All Chinese couples will be allowed to have a second child in two years, said a researcher who advises the government on birth control policies.

“We will fully relax the policy” in two years after an experiment allowing some couples to have a second baby, Cai Fang, a vice director of the Chinese Academy of Social Sciences, the government’s research arm, said in a brief interview yesterday after a speech in Beijing. “People wish to choose the number of children they want to have, and they should be given the choice, at least for two children.”

Chinese President Xi Jinping relaxed China’s family-planning policy last year by allowing couples to have two children if either parent is an only child. The change failed to deliver a baby boom in the world’s most populous country — less than 3 percent of the 11 million Chinese couples eligible for another child applied for permission in the first six months, according to data from the National Health & Family Planning Commission.

China had 690,000 couples seeking approval for a second child by the end of August and 620,000 were granted, according to a statement from the nation’s family planning commission.

Cai said allowing second children won’t significantly raise the fertility rate to bolster a population the United Nations predicts will start shrinking by 2030. China’s fertility rate of 1.66 per woman compares with the 2.1 level needed to sustain population levels, according to the UN.

Estimates by Chinese officials and some scholars had suggested the relaxation in policy may lead to an increase of up to 2 million births per year, possibly a 10 percent increase – increasing China’s fertility rate from the current 1.6 births per woman to about 1.8 births per woman.

However, it appears the effect is 30-50% of that level.

If China decided to further relax to a “two-child policy,” the number of additional births might reach 5 million annually, with the fertility rate perhaps rising to replacement level. However, the 30-50% level would mean about 2 to 2.5 million added.

With such a rise in fertility, the medium variant, China’s population would peak at 1.45 billion in 2030 and then decline to around 1 billion by the century’s close.

Fully lifting the child restriction policies now might get the additional 5 million births to reach replacement level.

Under the instant replacement scenario, China’s future population does not decline, but stabilizes around 1.6 billion by mid-century.

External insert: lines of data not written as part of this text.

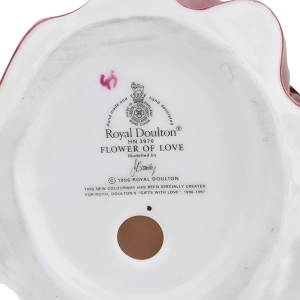 79502 ROYAL DOULTON FLOWER OF LOVE FIGURKA NIEWIASTY Z RÓŻĄ NA DŁONI (9).jpg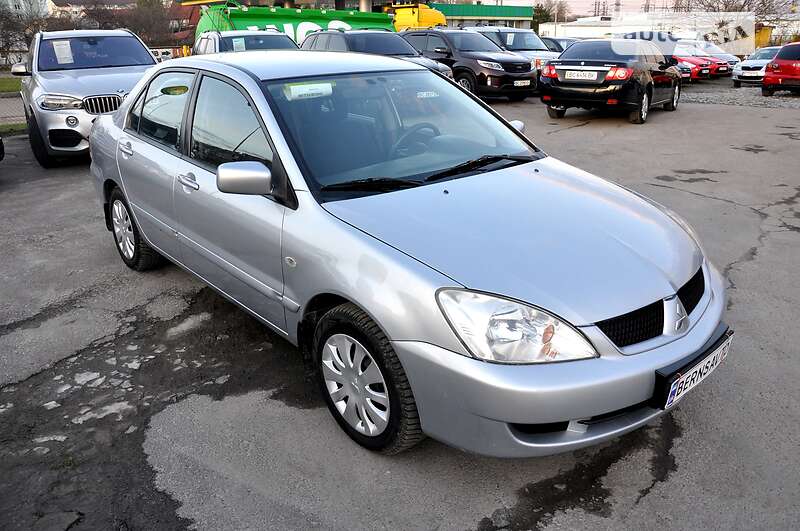 Седан Mitsubishi Lancer 2009 в Львове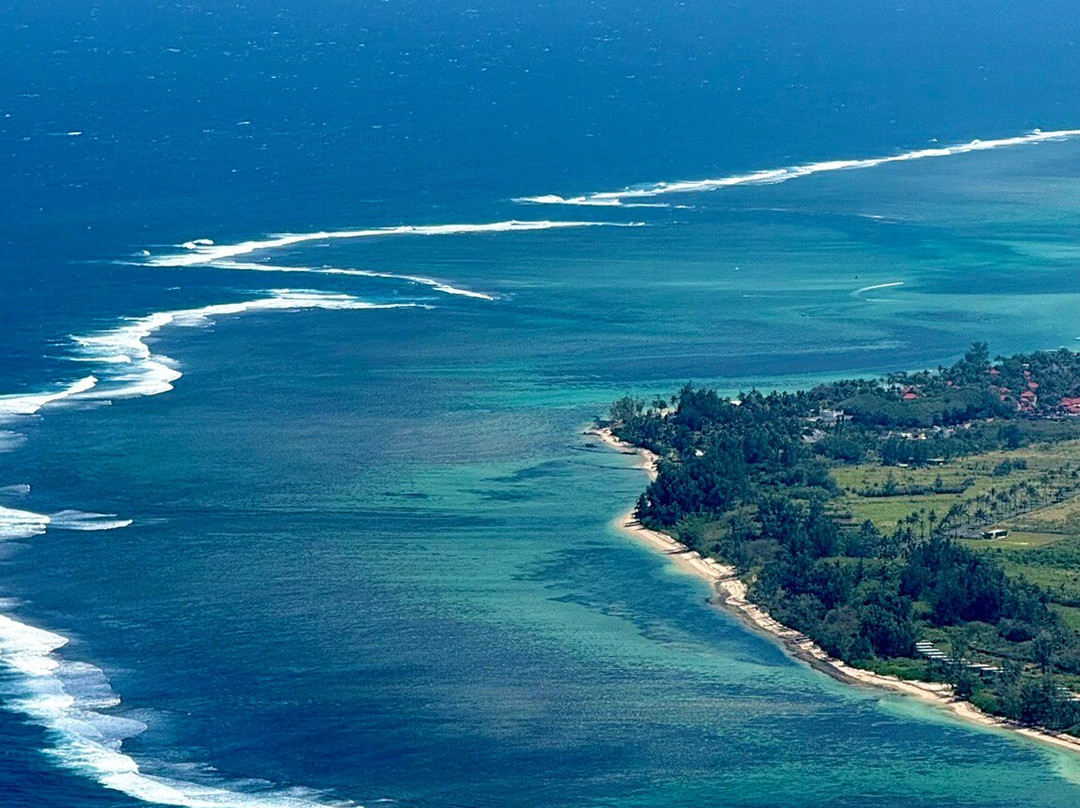Underwater Waterfall-莫纳山必去景点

The Chinese population, however, would still age, with the proportion elderly increasing to a fifth and the potential support ratio falling to three working-age persons per retiree.

Creating financial and social incentives to have children (as in Singapore) could have a further mild boosting effect.
The most effective policy to boost fertility is to provide low cost child care. Effective fertility boosting policies are ones that provide flexible work practices that make it easier for women to rejoin the work force after taking time off for child-rearing.